'''

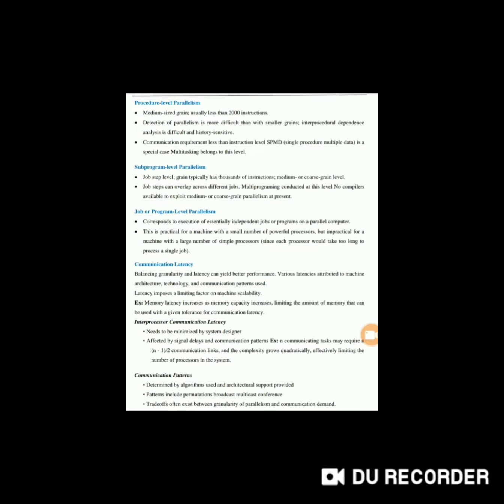For example, memory latency increases as memory capacity increases, limiting the amount of memory that can be used with a given tolerance for communication latency. First is inter-processor communication latency, which needs to be minimized by system design.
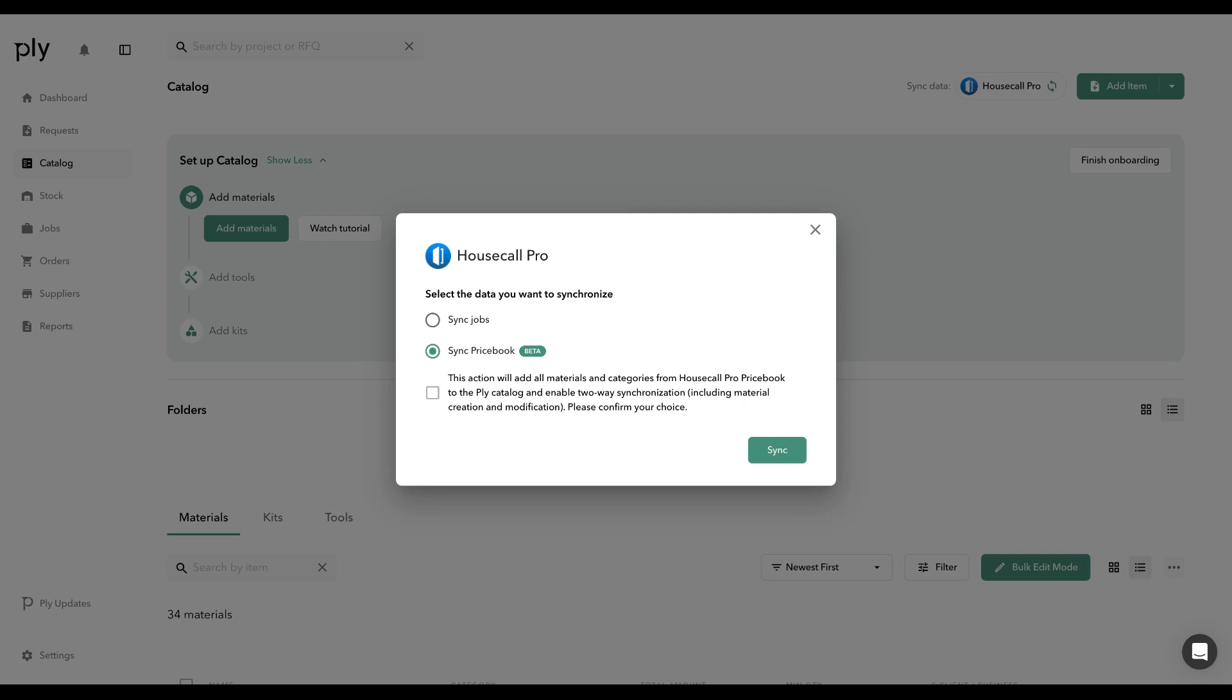Moving forward, any net new items that are created will be synced bidirectionally with Housecall Pro. If you're a new customer, you don't need to worry about this. All of the materials inside your Pricebook will sync automatically.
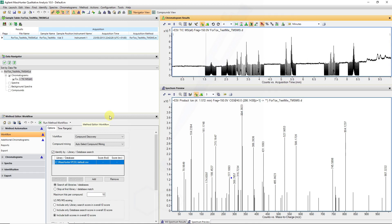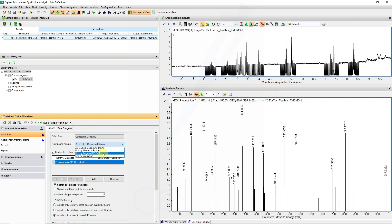So now we can run through our compound discovery workflow and find by targeted MS-MS using the library to assist in identification of some of these features. I'm going to go back to compounds view.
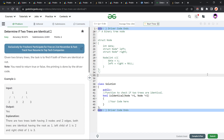Hello everyone, I hope you are doing well. In this video, we are going to discuss GeeksforGeeks problem of the day, and today's problem is 'Determine if Two Trees are Identical.' It is going to be an easy level problem.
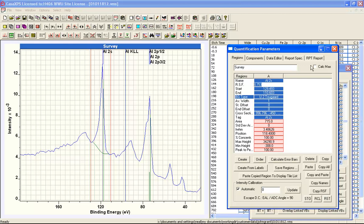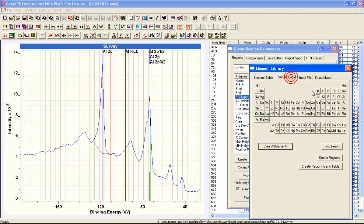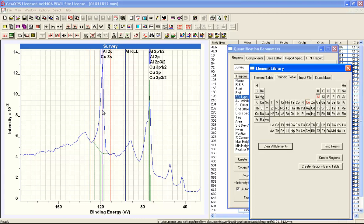However, in this instance, we have a sample with not only aluminium but also copper. Unfortunately, copper and aluminium overlap in such a way that we can use neither the aluminium 2s nor the aluminium 2p to quantify from a survey spectrum, because copper overlaps both. Furthermore, in this particular case we also have chromium, which introduces yet another peak that overlaps with the aluminium 2p.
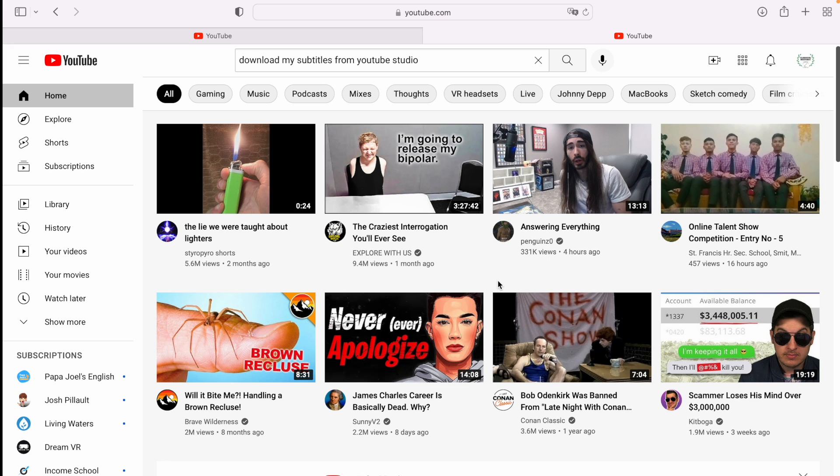Hello YouTube, this is Joel from DreamVR. I'm going to tell you how to download your own subtitles from your own YouTube videos.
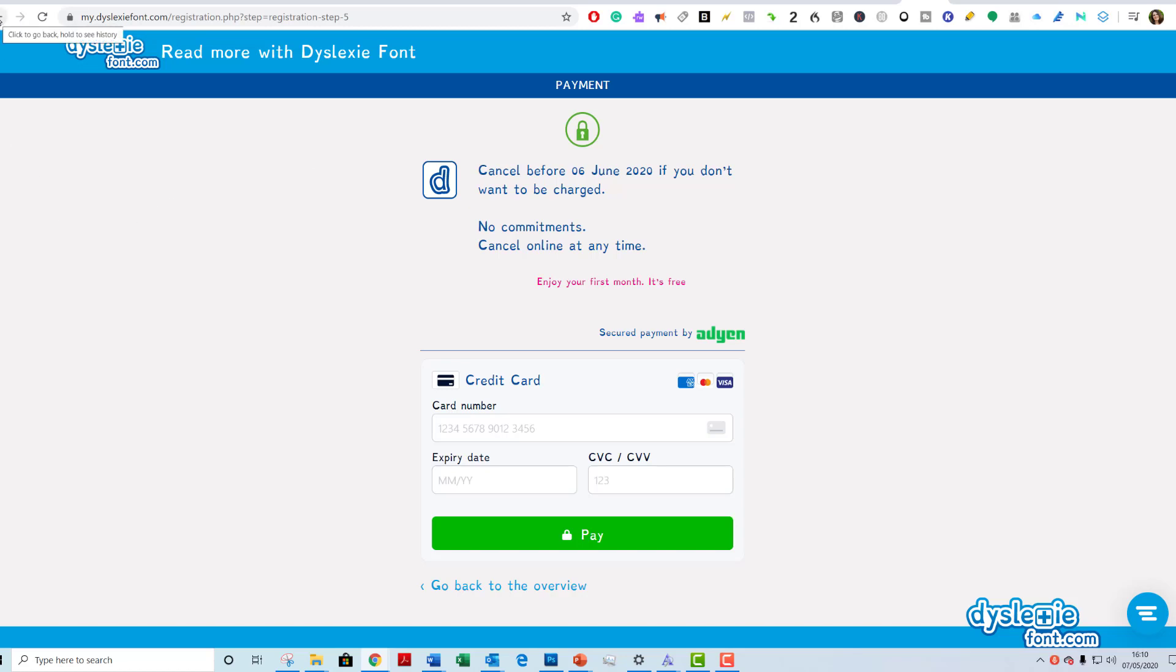I recommend you take a look at my other videos on dyslexia-friendly fonts, because the others are either free or require a donation of your choice.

'''

» Your goal
Give back the records above word for word, minus any image they hold.

» Answer for the task
For example, memory latency increases as memory capacity increases, limiting the amount of memory that can be used with a given tolerance for communication latency. First is inter-processor communication latency, which needs to be minimized by system design.
Moving forward, any net new items that are created will be synced bidirectionally with Housecall Pro. If you're a new customer, you don't need to worry about this. All of the materials inside your Pricebook will sync automatically.
So now we can run through our compound discovery workflow and find by targeted MS-MS using the library to assist in identification of some of these features. I'm going to go back to compounds view.
Hello everyone, I hope you are doing well. In this video, we are going to discuss GeeksforGeeks problem of the day, and today's problem is 'Determine if Two Trees are Identical.' It is going to be an easy level problem.
However, in this instance, we have a sample with not only aluminium but also copper. Unfortunately, copper and aluminium overlap in such a way that we can use neither the aluminium 2s nor the aluminium 2p to quantify from a survey spectrum, because copper overlaps both. Furthermore, in this particular case we also have chromium, which introduces yet another peak that overlaps with the aluminium 2p.
Hello YouTube, this is Joel from DreamVR. I'm going to tell you how to download your own subtitles from your own YouTube videos.
I recommend you take a look at my other videos on dyslexia-friendly fonts, because the others are either free or require a donation of your choice.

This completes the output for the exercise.